Ufer echoed Kolli’s concerns about where Plant2Plate is being moved to, emphasizing its inaccessibility compared to the current garden on Oakland Ave.
“The Vera Street garden was on a greyfield – which is previous construction, there were already buildings there – and they did not do a good job of removing the baseline foundation,” Ufer said. “It is not where the brunt of students are populated, and it also has poor soil quality and is on a very large slope.”
The Vera Street lot has a history of construction that also poses a roadblock for planting produce, and Ufer said club members have found miscellaneous construction pieces when inspecting the area.
“There are bricks in the soil, there are concrete pieces, you turn up random industrial supplies every single time you try to fish down in the dirt for soil. And the acidity is out of control,” Ufer said.
The University noted it was of the club’s soil concerns.
“Like many urban garden projects on formerly developed land, including the Oakland Avenue garden, soil quality is always a concern. We are committed to getting the [Vera Street] plot ready for student use, including soil remediation,” Stonesifer said.

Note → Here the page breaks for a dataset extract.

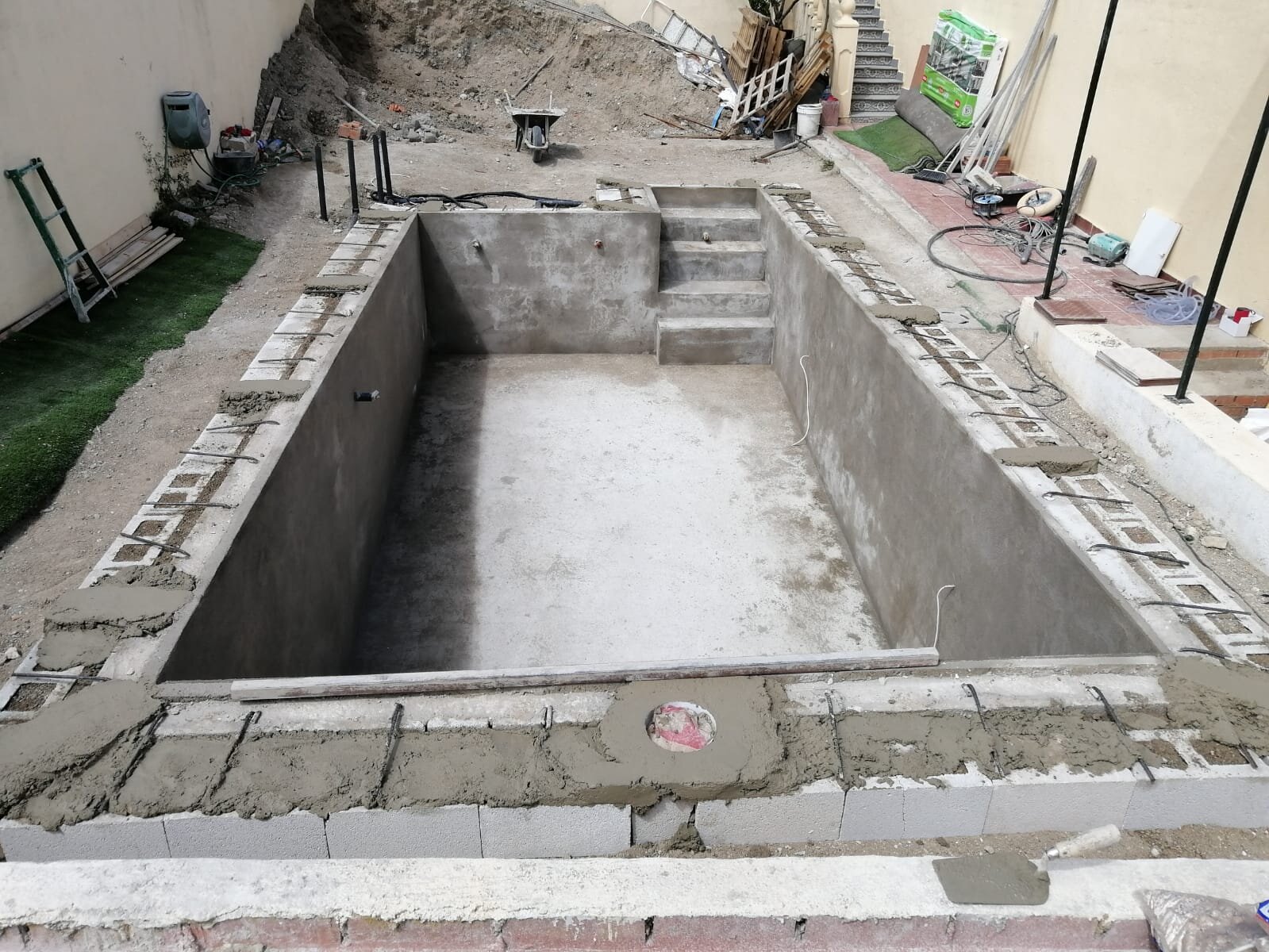 CONSTRUCCION DE PISCINA NUEVA 03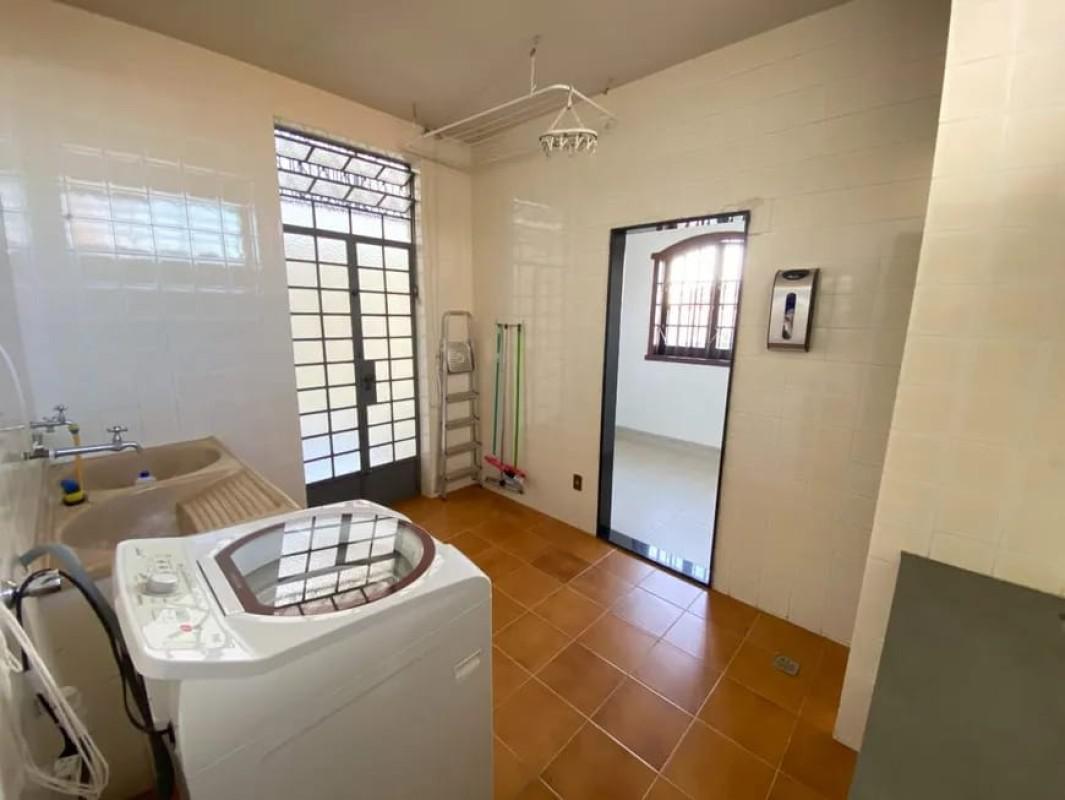 Casa, Barreiro, 3 Quartos, 5 Vagas, 2 Suítes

Kolli said there have been club efforts to negotiate a different relocation.
“Our former president, Abhi, sat in on meetings, had meetings with assistant deans [and] heads of planning, to try to advocate for a better space. It’s literally us butting heads with the Pitt Master Plan and all of these administrative blockades,” Kolli said.
Ani Nangunoori, a junior computational biology major and Plant2Plate’s current president, said the club hopes to expand into other Oakland locations to keep it active in South Oakland.
“There’s a group of students on campus who are involved with the Lawn Street Garden in South Oakland, and there’s another lot over in South Oakland that’s been an abandoned garden space. We’re looking to work with the Oakland Planning and Development Corporation to take stewardship of those garden spaces and provide a space for students and Oakland residents to collaborate in garden endeavors,” Ani Nangunoori said.
In the meantime, Abhi Nangunoori, a senior economics and biology major, said Plant2Plate has plans to mitigate the effect of losing the Oakland garden within the community.
“We’ve actually partnered with some other organizations, in both the community and on Pitt’s campus, to create what we call pocket gardens. When we do eventually lose [the Oakland Avenue] location, we’ll be able to grow things and keep the club active in these smaller gardens,” Abhi Nangunoori said.
University spokesperson Stonesifer cited the pocket gardens concept “as a way to expand Plant2Plate’s presence on other areas of campus.”
Kolli said she is optimistic about also continuing the club’s community-building aspect.
“We know how to create community. We were able to do it down here, we’ll find a way to do it up there,” Kolli said.